Yoshinaga ? Du nom de Tomoyuki Yoshinaga, l’ancien maître d’Okuda, dont le temple du ventre, à l’étage d’une maison néonippone sise au 27, rue du Quatre-Septembre, abrite rien de moins que… les sushis d’une vie. Dans une ambiance SF monacale due à Sala Hars et Agathe Marimbert, cette table imaginée par Paul Dupuy (également derrière Sushi Shunei), Damien Melon, Ismaël Emelien et Jean Dupuy ensorcelle dix veinard·es autour du comptoir avec un symphonique menu omakase. En guise d’ouverture, une série d’assiettes en ode à l’iode : crevette des profondeurs de Madagascar et saint-jacques normande tout juste raffermies au chalumeau, coiffées d’une fleur de shiso ; bâtonnet embrochant un cube de thon gras (ōtoro pour les connoisseurs) et du daikon croquant, à lustrer d’une gelée de dorade et truffe blanche ; combinaison d’anguille de Loire rôtie puis snackée et pied-de-mouton verdis d’échalote japonaise… La suite ? Une partition virtuose d’une quinzaine de nigiri, parmi lesquels une incroyable pièce au calamar, un concerto en sériole majeure et yuzu, une dorade royale qui régale, une gracieuse lamelle de homard de Quiberon, du thon gras caviardé comme il sied, de l’anguille tendre comme jamais… Après quoi, un très sapide bouillon de parures de homard, un surkiffant handroll au thon gras mariné, miso et gingembre, et, tout au bout, pour boucler sans trop forcer, une polyphonie de glaces au matcha signées Alain Ducasse.

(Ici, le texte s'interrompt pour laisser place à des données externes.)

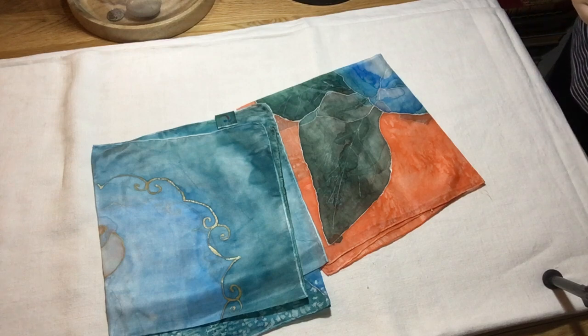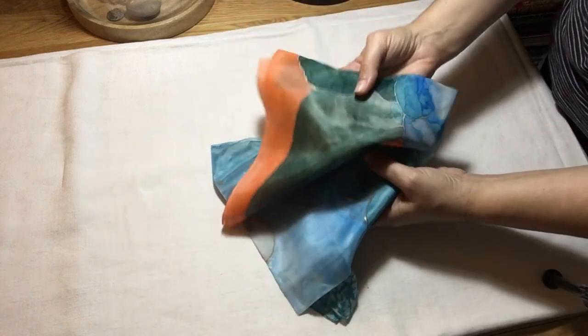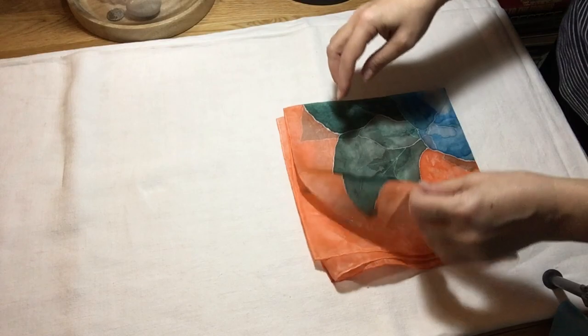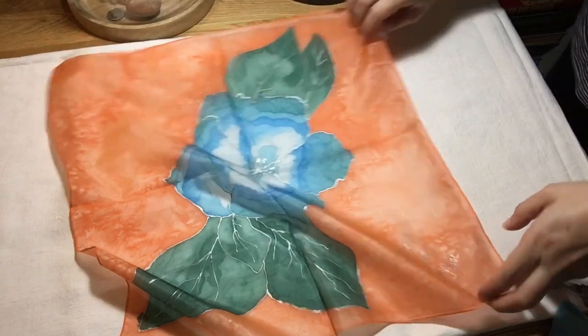Hello, my dear friend. I wonder if you can guess what I'm going to talk to you about today. Well, if you haven't guessed it yet, this is silk that I have painted on, and this is my very first silk painting.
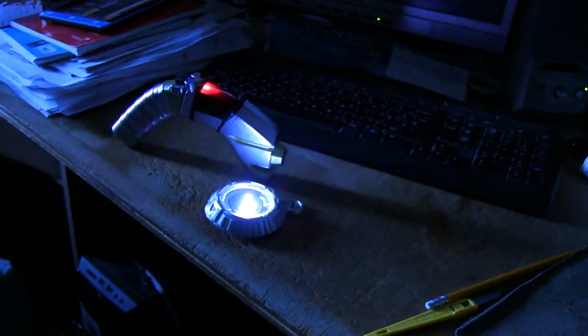Don't ask why covert devices have flashing strobe lights on them, but it's Star Trek — everything looks better with a flashing LED or two, so that's what they did.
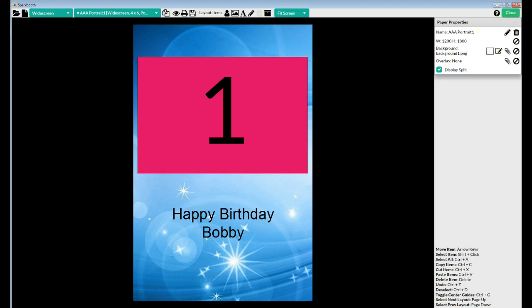That's the mistake you made — you selected display split on this window and should not have. When you're doing a full layout, do not use display split.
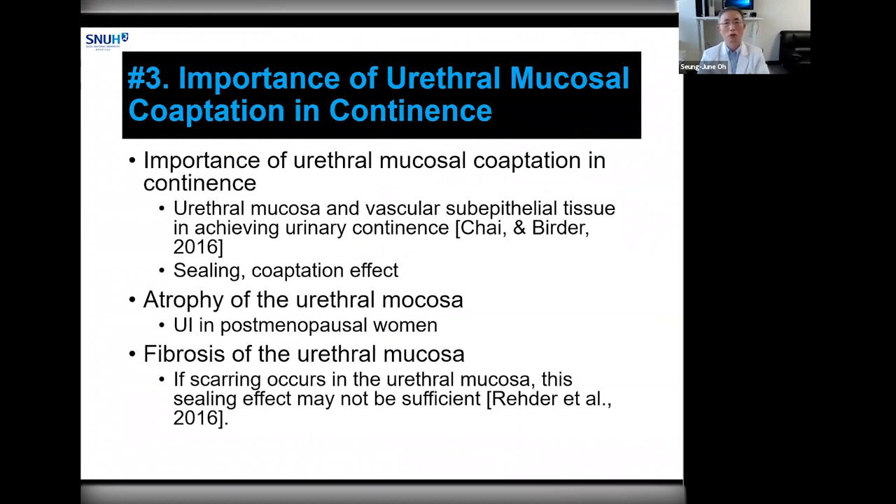Next, I'd like to mention the importance of urethral mucosal co-optation mechanism in maintaining urinary continence. Urethral mucosal and vascular subendothelial tissue contain rich elastic tissue, and urethral mucosa is very important in maintaining continence. It provides a sealing or co-optation effect to the urethral lumen. Postmenopausal women are very vulnerable to urinary incontinence as hormonal changes may induce mucosal atrophy. Similarly, urethral surgery causing fibrosis or scarring in the urethral mucosal area can damage this sealing effect, resulting in incontinence.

Ouf ! · Albert Cramé
POUR LA SOIF ? Un choix pointu de sakés (junmai Fukunishiki Fu à 12 € le verre, junmai ginjo Gikyo à 18 €), les exigeants whiskys Yamazaki (de 18 à… 297 € les 4 cl) et des vins bien nés mais forcément tarifés, dont un savennières Clos des Papillons 2021 du Domaine des Baumard (16 € le verre).
LES PRIX : menu omakase 330 €, accords mets-sakés 75-110 €.